Diversification of our economy is another key issue to be addressed for a sustainable T&T. Our oil may not run out in the immediate future but eventually it will run out and we need to be ready. The world is moving towards renewable energy and the relevant technology is advancing faster than we expected. Wind and solar energy are becoming cheaper and cheaper and soon enough will be rivaling costs of natural gas power plants.

The transition to a sustainable T&T is not an easy feat, ,however, with a strong political will, buy-in from the corporate sector and most importantly, a society determined to make the change, we can make it happen.


What areas of sustainability are you interested in making an impact in and why?


Sustainability is an extremely broad field that can be implemented in every aspect of our lives. The United Nations Rio+20 Conference in 2012 highlighted seven areas which need priority attention; these include decent jobs, energy, sustainable cities, food security and sustainable agriculture, water, oceans and disaster readiness. Of these seven areas I have taken a keen interest in sustainable cities and water.
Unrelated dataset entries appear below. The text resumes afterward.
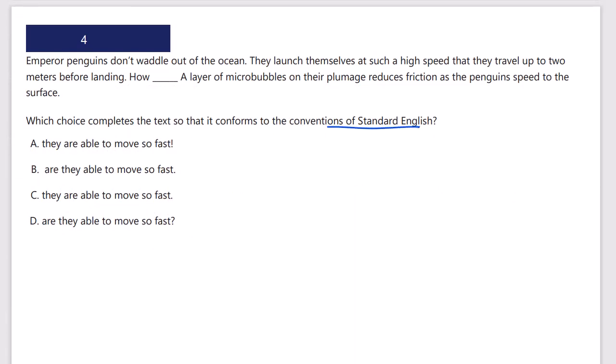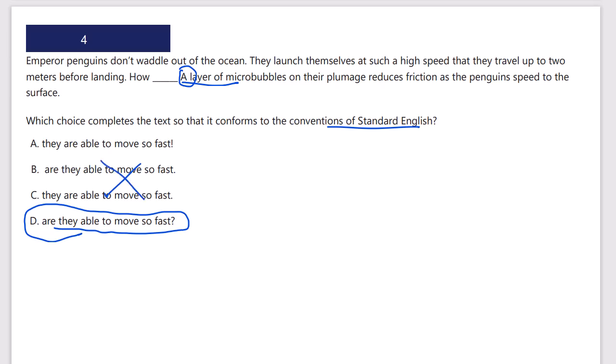Standard English. I've got exclamations, periods, and question marks. 'Emperor penguins don't waddle out of the ocean — they launch themselves at such a high speed that they travel up to two meters before landing.' How are they able to move so fast? It looks like a period because we have a new sentence starting with a capital letter. But we're going to ask a question here — it's not a statement and not an exclamation — so D is the correct answer.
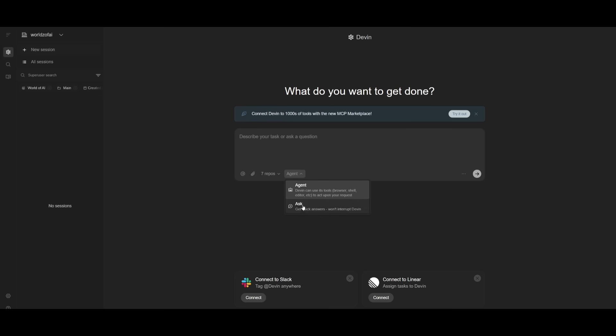You can use the agent, or use the Ask agent which answers questions. With the agent, it will use its software engineer capabilities to work on tackling your tasks hand-in-hand. You can also connect Slack or Linear, where you can automatically pull in tickets for Devin to work on or assign Devin to multiple issues in parallel.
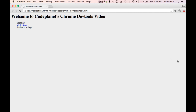Hey everybody, this is John from CodePlanet, and today we're going to be checking out a video on Chrome's developer tools. Most of the stuff we're going to cover will be just as applicable if you're a Firefox user using Firebug or any of the WebKit browsers, but specifically I'm going to be using Chrome today because that's what I use for development.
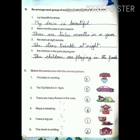Now start writing these answers in your book. First try to write on your own. If you have any problem, you can refer to these answers from this page. Complete your work. Take care. God bless you. Thank you.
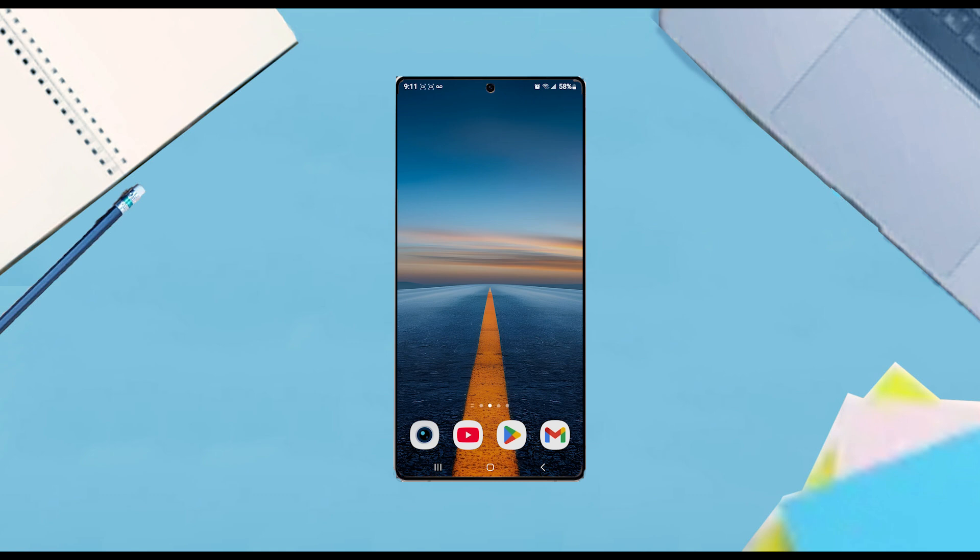This will work for the Samsung Galaxy S25, S25 Plus, and the S25 Ultra as well.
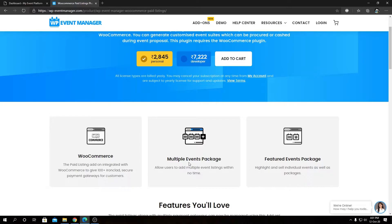Then we have our multiple event package feature. This add-on allows you to add multiple event packages for your event listing website. It's a pretty handy and useful add-on if you want to turn your website into an event listing marketplace. This plugin or add-on is a must-have for WP Event Manager.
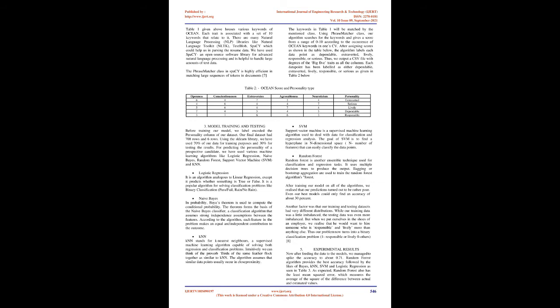Model Training and Testing: Before training our model, we label encoded the personality column of our data set. Our final data set had 708 rows and 6 columns. Using the Sklearn library, we have used 70% of our data for training purposes and 30% for testing the results. For predicting the personality of a prospective candidate, we have used various machine learning algorithms like Logistic Regression, Naive Bayes, Random Forest, Support Vector Machine, SVM, and KNN.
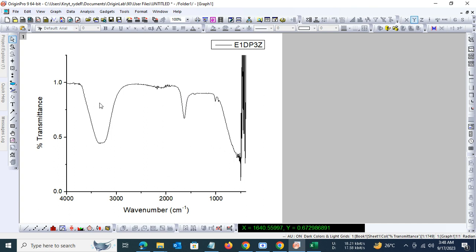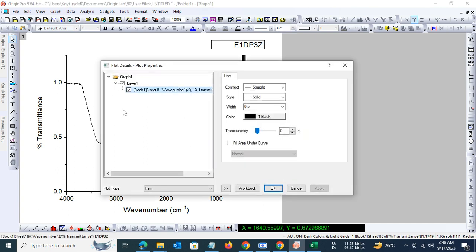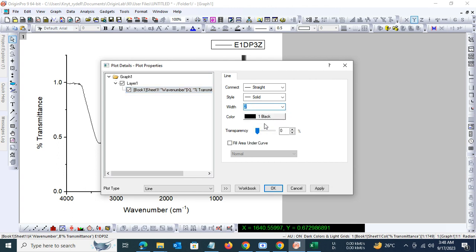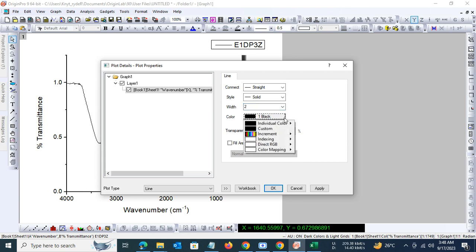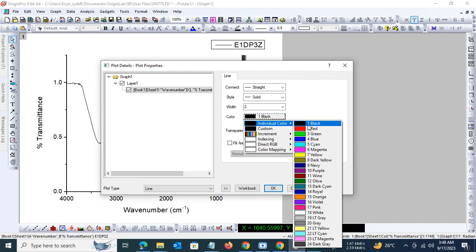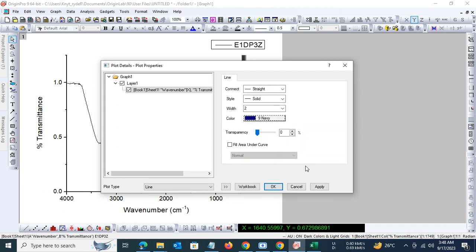So that's it. You can also define the width of the line in the Origin spectra, and even the color can be defined as per your choice. Let's keep it navy blue. Apply and then okay. So there we have our IR data.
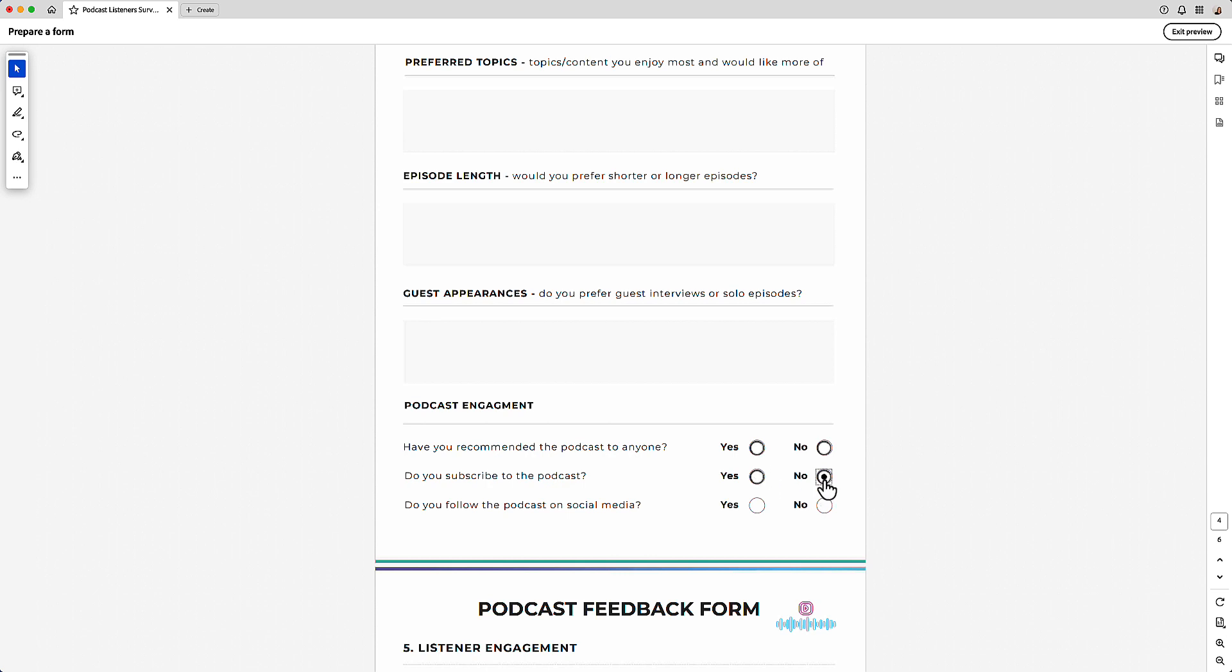The reason for that is because these buttons are all in the same group at the moment. So what you've got to do is separate the groups so that you have either yes or no as one group, then the next line is another group and the next line is another group.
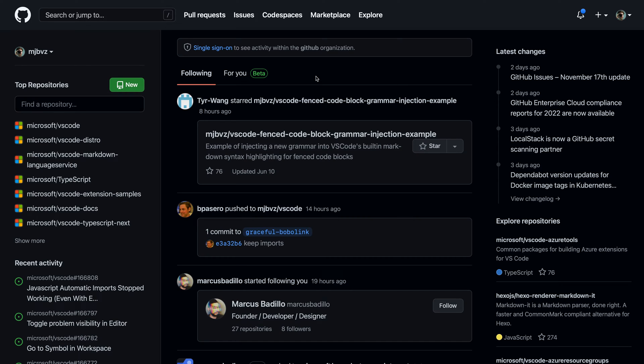GitHub.com includes dark and light color themes that you can easily switch between. You can also automatically sync the theme with that of your operating system.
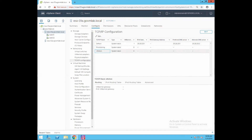This concludes our lab for reviewing vSphere networking configuration and navigating through the various configurable options. In part 2 of this lab, we will discuss creating virtual switches, port groups, and enabling virtual machines for vSphere networking. Thank you.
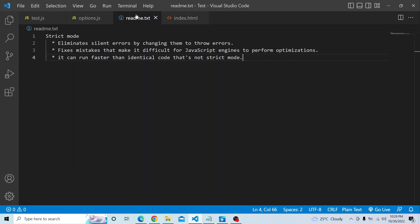Strict mode also fixes mistakes that make it difficult for JavaScript engines to perform optimizations. In some scenarios, code in strict mode can actually run faster than identical code in non-strict mode. So the main agenda behind using strict mode is that all silent errors are converted to thrown errors and developers are notified so they can fix issues while coding.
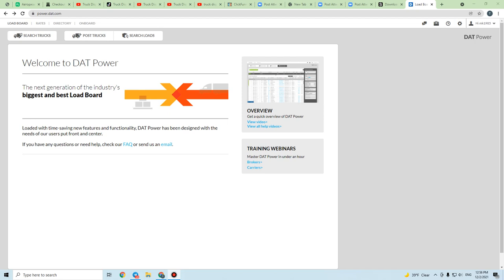Before going to the load board, you have to prepare info about your truck. For example, if you are an independent dispatcher working with an owner-operator, you have to prepare info like where that truck is located, where the driver needs to go, if there is any desirable destination, or if the driver just wants to go anywhere. You also need special notes like whether the driver has a pallet jack, how many straps the driver has, whether the driver has hazmat or a TWIC card, truck number, trailer number if needed, and what time the driver will be ready.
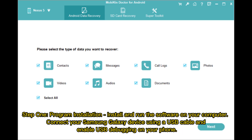Step 1 — Install and run the software on your computer. Connect your Samsung Galaxy device using a USB cable and enable USB debugging on your phone.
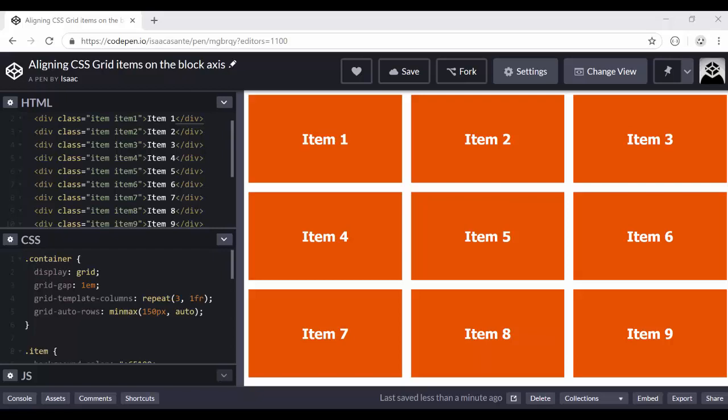Hi guys, welcome to this CSS Grid tutorial series once again. And today I'm going to talk about two properties, align-self and align-items. So let's get started.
The world is in a water crisis and there are entire cities in South Africa and India, for example, that have been on the verge of running out of water completely. Closer to home, only 16.6% and 39.6% of the population in Trinidad and Tobago, respectively, are provided with a 24-hour supply by WASA. Personally, I am tired of my water being cut for days on end and if, as a Civil Engineer, I am able to do something about it I would definitely want to try. In terms of sustainable cities, this is what got me into civil engineering in the first place, so to make an impact in this field would be a great personal achievement for me.


What are your personal goals?


My immediate short term goal for the next couple of months is to get an internship related to sustainable development. In terms of my year-long goal, finishing this last year of my degree strong is at the top of my list. In terms of my long term goals, it is my hope to make a significant impact on T&T’s built environment through green building practices.


As a contributor to REgenTT Perspectives, what can our readers expect from you in the future?


In the future I would like to explore ways in which we as a society can make changes to live more sustainably, discussing old and new technologies and practices that could possibly be implemented and highlighting organizations and individuals within our community who have already made efforts in this regard.


If you had three wishes what would they be?


My first wish would be to make healthy vegan food taste just as good my favorite junk foods. My second wish is that we discover a foolproof solution to climate change and that we aren’t too late. And for my last wish, would it be cheating to ask for three more wishes?